→ Prompt:
Every line from the one that contains "Custodia Portafoglio In" to the end of the records must be restated word for word. No other line belongs in the answer.

→ Data provided:
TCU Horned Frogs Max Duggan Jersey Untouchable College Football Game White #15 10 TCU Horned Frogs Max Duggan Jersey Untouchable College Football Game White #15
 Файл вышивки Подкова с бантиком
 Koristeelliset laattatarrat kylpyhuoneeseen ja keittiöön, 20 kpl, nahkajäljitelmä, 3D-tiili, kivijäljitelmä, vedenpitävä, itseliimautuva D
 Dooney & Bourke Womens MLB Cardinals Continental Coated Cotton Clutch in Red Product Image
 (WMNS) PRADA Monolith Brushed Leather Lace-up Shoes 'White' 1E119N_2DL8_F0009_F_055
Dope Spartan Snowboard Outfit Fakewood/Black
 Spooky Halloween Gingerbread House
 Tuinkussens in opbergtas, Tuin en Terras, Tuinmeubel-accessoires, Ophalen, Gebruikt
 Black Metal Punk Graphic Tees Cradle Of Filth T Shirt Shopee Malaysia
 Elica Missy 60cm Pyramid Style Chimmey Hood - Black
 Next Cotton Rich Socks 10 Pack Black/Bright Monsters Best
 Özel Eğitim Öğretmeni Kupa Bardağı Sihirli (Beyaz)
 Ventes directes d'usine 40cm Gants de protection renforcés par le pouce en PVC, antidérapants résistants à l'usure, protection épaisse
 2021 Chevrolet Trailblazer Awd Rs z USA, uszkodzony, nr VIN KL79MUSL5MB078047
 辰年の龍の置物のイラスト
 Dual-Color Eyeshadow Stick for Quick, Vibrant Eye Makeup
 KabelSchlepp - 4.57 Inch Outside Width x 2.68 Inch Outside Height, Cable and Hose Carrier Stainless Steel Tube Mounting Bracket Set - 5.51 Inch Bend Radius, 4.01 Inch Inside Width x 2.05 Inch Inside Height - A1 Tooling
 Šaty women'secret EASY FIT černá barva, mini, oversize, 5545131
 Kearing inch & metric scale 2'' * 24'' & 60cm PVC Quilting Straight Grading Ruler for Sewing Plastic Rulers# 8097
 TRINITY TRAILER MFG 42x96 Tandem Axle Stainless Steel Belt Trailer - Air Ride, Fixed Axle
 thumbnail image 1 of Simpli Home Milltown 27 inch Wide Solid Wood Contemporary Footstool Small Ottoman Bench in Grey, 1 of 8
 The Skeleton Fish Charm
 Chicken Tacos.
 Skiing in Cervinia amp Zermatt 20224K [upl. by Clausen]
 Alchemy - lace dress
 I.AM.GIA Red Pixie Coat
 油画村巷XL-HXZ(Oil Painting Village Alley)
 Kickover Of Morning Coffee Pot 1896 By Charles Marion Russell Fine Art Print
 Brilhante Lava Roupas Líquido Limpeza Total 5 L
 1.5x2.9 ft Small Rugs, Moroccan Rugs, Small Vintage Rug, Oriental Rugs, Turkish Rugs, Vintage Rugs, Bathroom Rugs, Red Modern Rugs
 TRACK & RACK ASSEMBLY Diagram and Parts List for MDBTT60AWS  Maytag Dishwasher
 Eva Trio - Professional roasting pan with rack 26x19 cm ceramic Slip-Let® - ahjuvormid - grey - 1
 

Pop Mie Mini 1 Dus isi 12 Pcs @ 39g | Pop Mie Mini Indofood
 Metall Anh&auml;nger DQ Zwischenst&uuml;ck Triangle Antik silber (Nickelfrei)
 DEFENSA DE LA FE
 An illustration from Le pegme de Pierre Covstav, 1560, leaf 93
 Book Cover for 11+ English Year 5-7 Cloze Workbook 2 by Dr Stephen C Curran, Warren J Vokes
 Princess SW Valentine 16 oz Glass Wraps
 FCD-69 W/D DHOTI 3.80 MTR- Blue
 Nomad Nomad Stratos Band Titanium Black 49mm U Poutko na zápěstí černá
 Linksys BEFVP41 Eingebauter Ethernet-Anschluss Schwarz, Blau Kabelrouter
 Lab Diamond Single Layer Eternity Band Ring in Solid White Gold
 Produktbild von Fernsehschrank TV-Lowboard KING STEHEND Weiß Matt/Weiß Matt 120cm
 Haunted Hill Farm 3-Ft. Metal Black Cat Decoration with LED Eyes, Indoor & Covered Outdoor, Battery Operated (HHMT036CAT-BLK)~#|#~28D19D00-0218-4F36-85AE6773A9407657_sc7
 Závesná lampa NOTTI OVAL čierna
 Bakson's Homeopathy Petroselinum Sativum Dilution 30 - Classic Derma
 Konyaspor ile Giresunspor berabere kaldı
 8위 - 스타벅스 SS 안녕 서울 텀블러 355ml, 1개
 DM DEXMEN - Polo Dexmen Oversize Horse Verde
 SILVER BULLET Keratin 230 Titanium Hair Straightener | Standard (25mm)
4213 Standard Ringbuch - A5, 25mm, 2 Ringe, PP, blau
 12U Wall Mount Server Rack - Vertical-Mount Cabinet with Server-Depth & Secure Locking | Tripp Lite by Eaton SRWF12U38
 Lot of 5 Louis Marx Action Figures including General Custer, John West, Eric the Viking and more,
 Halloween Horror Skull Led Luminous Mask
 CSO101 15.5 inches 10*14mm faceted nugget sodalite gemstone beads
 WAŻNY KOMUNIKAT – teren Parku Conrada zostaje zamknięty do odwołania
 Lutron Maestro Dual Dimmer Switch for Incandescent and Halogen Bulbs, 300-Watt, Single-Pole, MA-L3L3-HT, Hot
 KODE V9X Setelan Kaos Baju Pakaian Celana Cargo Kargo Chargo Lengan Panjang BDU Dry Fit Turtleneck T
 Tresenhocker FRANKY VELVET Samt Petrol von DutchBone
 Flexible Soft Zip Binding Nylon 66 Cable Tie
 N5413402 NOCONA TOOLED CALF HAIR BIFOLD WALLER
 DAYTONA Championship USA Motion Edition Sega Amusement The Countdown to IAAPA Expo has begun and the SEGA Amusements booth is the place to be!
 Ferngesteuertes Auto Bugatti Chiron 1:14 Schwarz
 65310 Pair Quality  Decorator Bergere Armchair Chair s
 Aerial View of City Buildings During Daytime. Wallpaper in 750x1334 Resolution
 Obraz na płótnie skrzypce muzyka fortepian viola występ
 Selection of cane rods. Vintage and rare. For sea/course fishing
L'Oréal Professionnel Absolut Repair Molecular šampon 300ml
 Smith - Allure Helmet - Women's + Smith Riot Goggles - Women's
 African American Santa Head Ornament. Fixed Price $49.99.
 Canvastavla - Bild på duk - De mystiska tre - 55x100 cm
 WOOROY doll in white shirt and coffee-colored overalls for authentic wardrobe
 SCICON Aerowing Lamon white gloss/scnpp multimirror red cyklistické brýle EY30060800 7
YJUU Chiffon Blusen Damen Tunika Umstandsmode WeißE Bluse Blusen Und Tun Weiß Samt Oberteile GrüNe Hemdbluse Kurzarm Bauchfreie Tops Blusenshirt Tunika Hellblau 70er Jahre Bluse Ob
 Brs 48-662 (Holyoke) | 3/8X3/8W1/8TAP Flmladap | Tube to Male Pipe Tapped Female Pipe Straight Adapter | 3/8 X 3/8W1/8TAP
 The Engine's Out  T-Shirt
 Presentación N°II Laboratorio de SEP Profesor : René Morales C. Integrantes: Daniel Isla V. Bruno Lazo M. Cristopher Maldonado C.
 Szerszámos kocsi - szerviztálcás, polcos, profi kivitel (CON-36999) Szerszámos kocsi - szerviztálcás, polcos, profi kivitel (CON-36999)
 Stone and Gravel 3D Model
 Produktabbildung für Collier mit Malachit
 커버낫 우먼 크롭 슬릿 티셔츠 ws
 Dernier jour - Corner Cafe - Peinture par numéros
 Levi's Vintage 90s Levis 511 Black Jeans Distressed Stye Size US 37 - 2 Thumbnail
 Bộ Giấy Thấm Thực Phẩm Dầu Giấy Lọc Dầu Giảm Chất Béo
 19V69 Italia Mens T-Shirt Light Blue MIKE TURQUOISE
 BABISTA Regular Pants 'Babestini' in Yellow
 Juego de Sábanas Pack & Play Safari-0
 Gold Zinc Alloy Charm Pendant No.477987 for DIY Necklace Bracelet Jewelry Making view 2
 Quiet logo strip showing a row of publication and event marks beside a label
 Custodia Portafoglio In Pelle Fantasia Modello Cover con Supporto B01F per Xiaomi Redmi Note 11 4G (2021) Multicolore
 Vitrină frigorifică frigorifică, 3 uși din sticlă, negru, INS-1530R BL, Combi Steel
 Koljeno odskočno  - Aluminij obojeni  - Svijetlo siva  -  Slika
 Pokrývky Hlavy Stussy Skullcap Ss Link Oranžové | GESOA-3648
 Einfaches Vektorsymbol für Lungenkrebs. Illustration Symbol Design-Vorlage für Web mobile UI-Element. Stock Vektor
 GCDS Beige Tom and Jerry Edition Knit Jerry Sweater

→ Reply to the exercise:
 Custodia Portafoglio In Pelle Fantasia Modello Cover con Supporto B01F per Xiaomi Redmi Note 11 4G (2021) Multicolore
 Vitrină frigorifică frigorifică, 3 uși din sticlă, negru, INS-1530R BL, Combi Steel
 Koljeno odskočno  - Aluminij obojeni  - Svijetlo siva  -  Slika
 Pokrývky Hlavy Stussy Skullcap Ss Link Oranžové | GESOA-3648
 Einfaches Vektorsymbol für Lungenkrebs. Illustration Symbol Design-Vorlage für Web mobile UI-Element. Stock Vektor
 GCDS Beige Tom and Jerry Edition Knit Jerry Sweater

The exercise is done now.